-------- Dataset --------

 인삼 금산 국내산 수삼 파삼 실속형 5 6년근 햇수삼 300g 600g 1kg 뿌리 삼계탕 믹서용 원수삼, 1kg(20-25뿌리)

--------
-------- Dataset --------

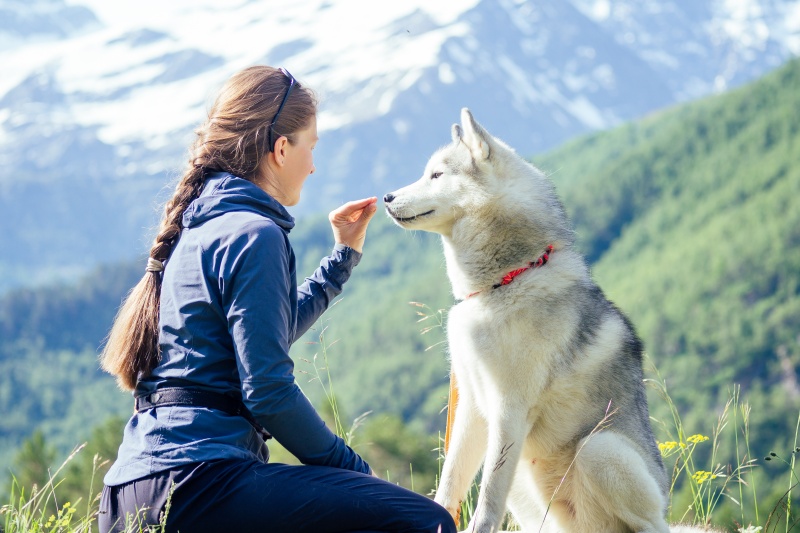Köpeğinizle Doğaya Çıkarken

--------
-------- Dataset --------

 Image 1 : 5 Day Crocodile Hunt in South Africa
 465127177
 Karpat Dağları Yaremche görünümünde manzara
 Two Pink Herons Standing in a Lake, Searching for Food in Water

--------

> **Assignment**
Your answer should be the lines above from the one containing "Image 1 : 5" through the one containing "Two Pink Herons", copied exactly and with both ends kept.

> **Result of this task**
 Image 1 : 5 Day Crocodile Hunt in South Africa
 465127177
 Karpat Dağları Yaremche görünümünde manzara
 Two Pink Herons Standing in a Lake, Searching for Food in Water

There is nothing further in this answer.